The upper bulb is a Standard UK bayonet fitting type. Also available in France. There are two contacts, but the outer bayonet cap is not part of the circuit; the female metal bayonet is not usually grounded as it has a bakelite sheath, ( all metal bulb holders excepted). 'Screw' caps are also used extensively in Europe for 'fancy' bulbs. The lower right packaged bulb is a low energy unit, essentially a fluorescent fitting with integral starter.
I was told that when the boiler was installed, the electrics ran behind it and didn't reach, so they just pulled the socket from the wall and left it dangling beneath the boiler, and a nice hole in the wall (not in picture). It's been that way for months apparently, never a finished job.

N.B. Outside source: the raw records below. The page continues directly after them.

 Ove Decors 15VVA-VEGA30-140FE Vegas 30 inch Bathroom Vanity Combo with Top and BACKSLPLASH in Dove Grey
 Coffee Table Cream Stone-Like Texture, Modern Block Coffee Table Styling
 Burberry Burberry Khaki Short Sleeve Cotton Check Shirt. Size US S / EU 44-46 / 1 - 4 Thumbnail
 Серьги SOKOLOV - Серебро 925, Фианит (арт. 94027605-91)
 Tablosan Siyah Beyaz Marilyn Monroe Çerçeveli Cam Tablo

This flat had white meter heating some time back (electric resistance heaters on a timer for nights with a dual meter), hence the extra commoning blocks. It's the service fuse that gets me, out of reach between the cupboard side and the wall.

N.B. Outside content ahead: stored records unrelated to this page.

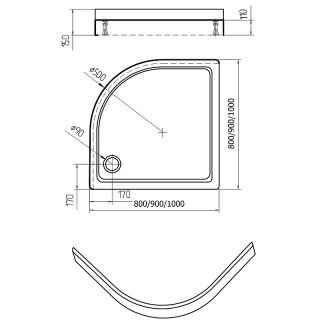 Душевой поддон Aquatek DPA-0000002 100 x 100 см Белый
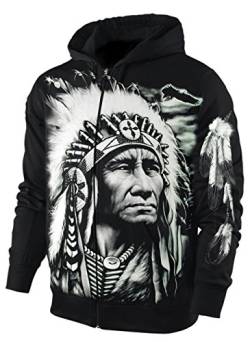 Blackshirt Company Hoodie Sweatshirt Kapuzenjacke Herren Damen Indianer Häuptling Jacke Sweatjacke Schwarz Größe M von Blackshirt Company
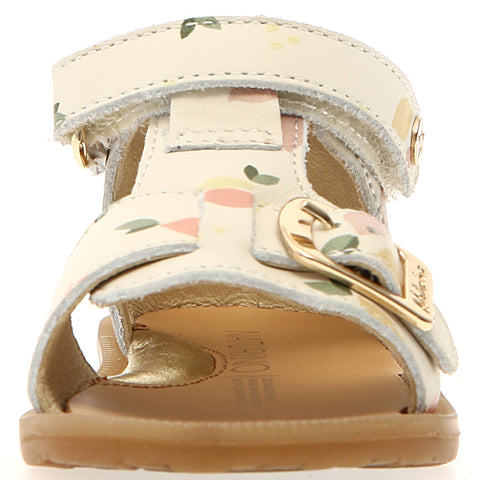 NATURINO Sandale QUARZO - créme / Sommerfrüchte: Comfortable cream-colored sandal with fruity summer design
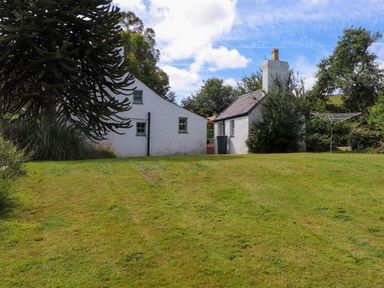 A yard with two white houses surrounded by trees and grass at Bwthyn Gwyn Ty'n Y Pant in Boduan near Nefyn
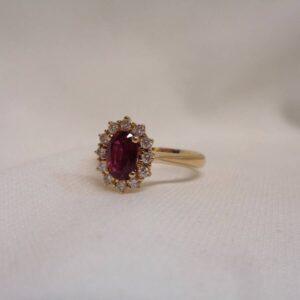 Ruby and Diamond Halo Cluster Ring in 14ct Yellow Gold – Size O (A1131) - Image 4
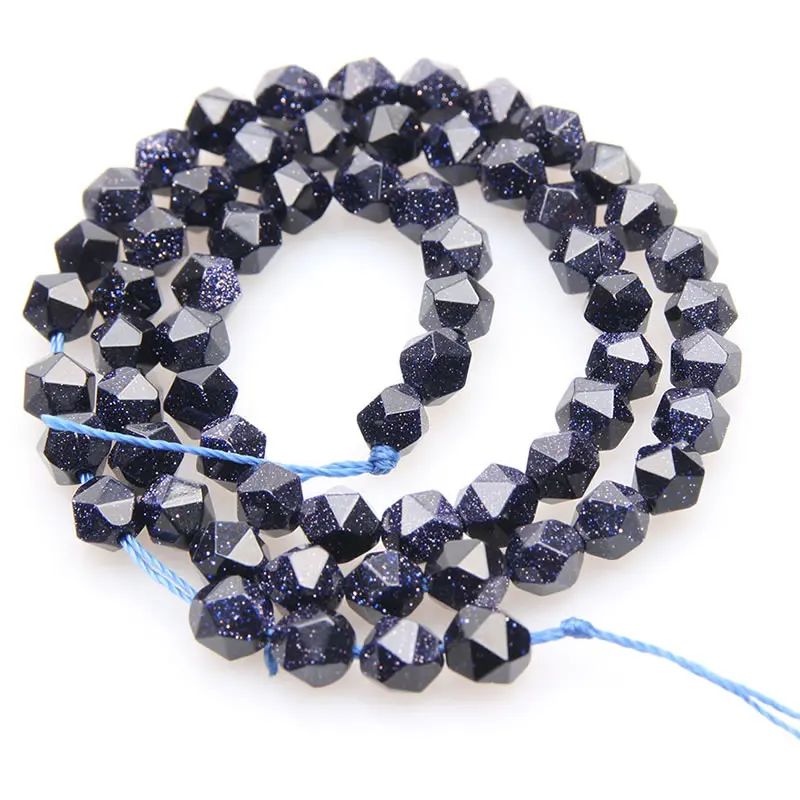 Оптовая продажа бусины из натурального камня с гранями голубой песчаник для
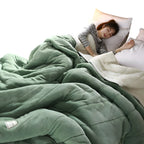 Sherpa Fleece Blanket Reversible Plush Top Sherpa Back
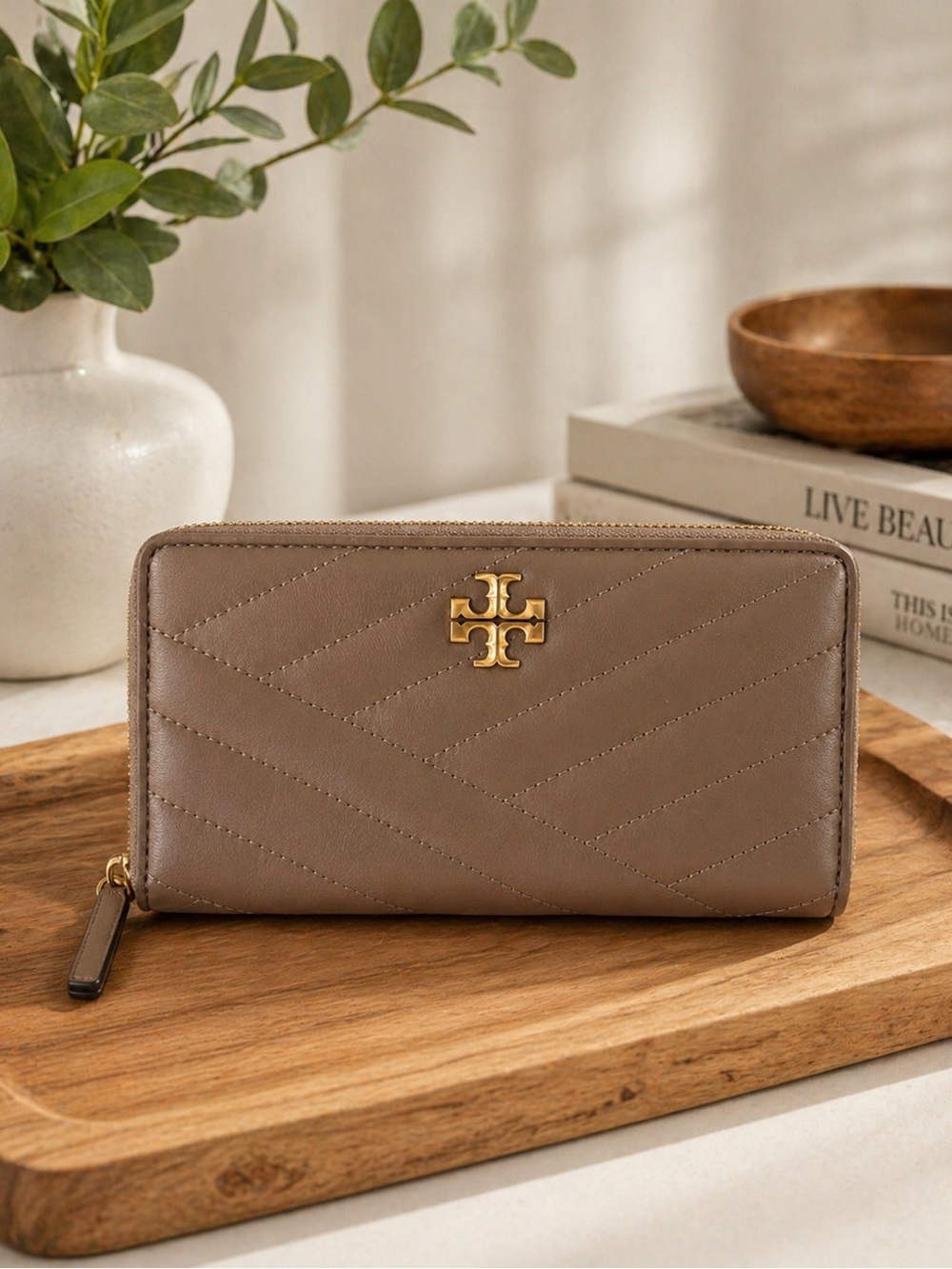 Tory Burch Kira Zip Continental Wallet Quilted in Taupe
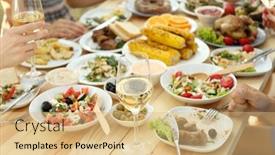  Presentation with picnic - Amazing slides having friends-eating-on-picnic backdrop and a coral colored foreground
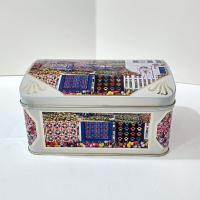 Vintage Diane Phalen Watercolors Spring Garden Amish Quilts Hinged Lid Tin Box, Decorative Metal Storage Container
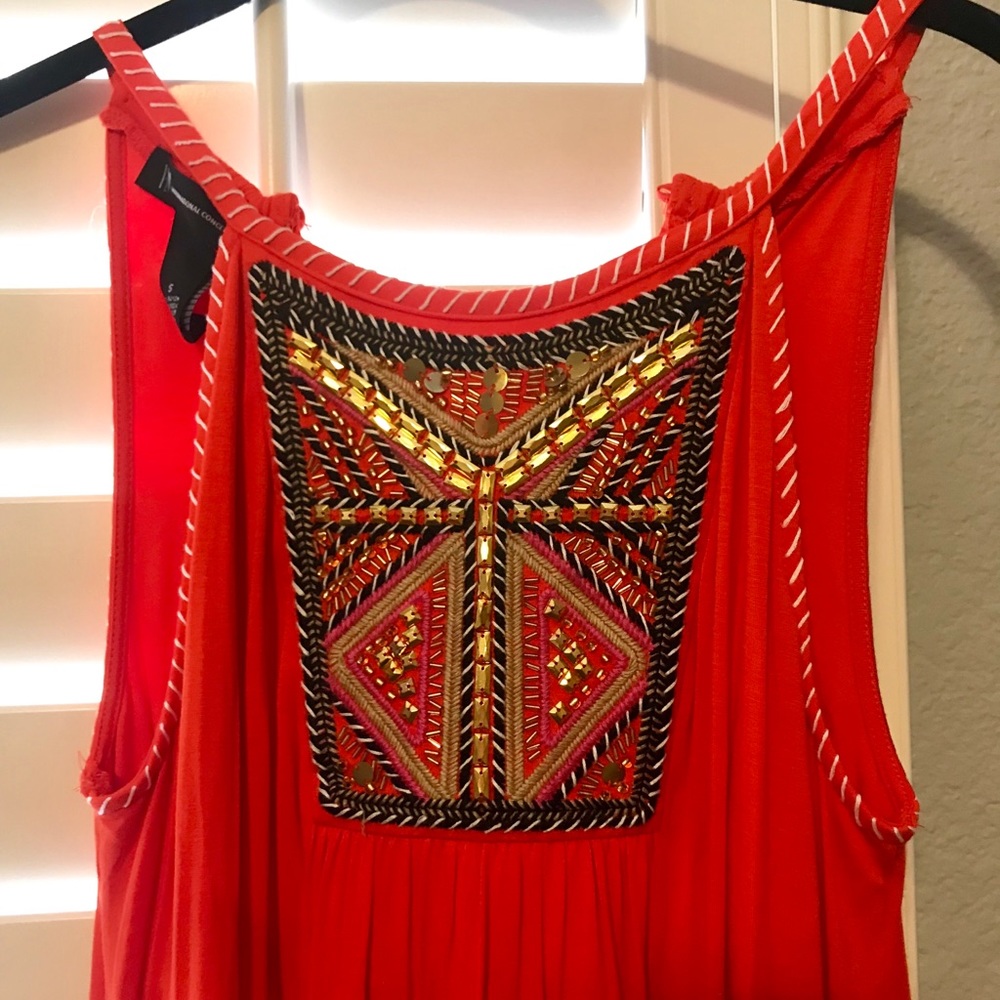 I.N.C Orange Embellished Dress Size Small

Part P does not apply in Scotland. We have a part N instead, it says that major stuff needs tested and certificated but not minor. Not sure what that should be...

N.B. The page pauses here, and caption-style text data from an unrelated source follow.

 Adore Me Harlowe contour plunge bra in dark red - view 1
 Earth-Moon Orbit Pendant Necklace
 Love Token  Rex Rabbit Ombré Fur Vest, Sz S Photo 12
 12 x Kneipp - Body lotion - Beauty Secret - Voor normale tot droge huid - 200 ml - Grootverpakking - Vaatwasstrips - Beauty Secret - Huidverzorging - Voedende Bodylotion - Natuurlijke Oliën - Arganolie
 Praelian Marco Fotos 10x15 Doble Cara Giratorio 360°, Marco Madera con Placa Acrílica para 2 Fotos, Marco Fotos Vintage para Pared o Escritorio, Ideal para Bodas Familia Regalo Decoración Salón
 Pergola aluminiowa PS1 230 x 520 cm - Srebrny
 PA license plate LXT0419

[This message has been edited by gideonr (edited 10-29-2005).]
Gideon, This is not good at all!. I'm not sure the Power Authority would be too keen on thier Service Entrance and Main fuse being covered up like that. I'd have to agree with britspark when mentioning that conduit socket on the double outlet. Seems as there are 2 cables entering that socket, would this be a ring circuit?. Reason I ask that is because the plug on the right side of the socket looks like a moulded type that is used on extension cords. Which brings me to the question, do you have to have a fused plug on an extension cord in the UK?. In the bottom picture, it looks like there wasn't a lot of fore-thought in selecting a position for that Hager switch-board. By the looks of things, it probably could have been installed on the same wall where it is now, but up higher (above the top of the MEM board). BTW, I think the Trunking might be full.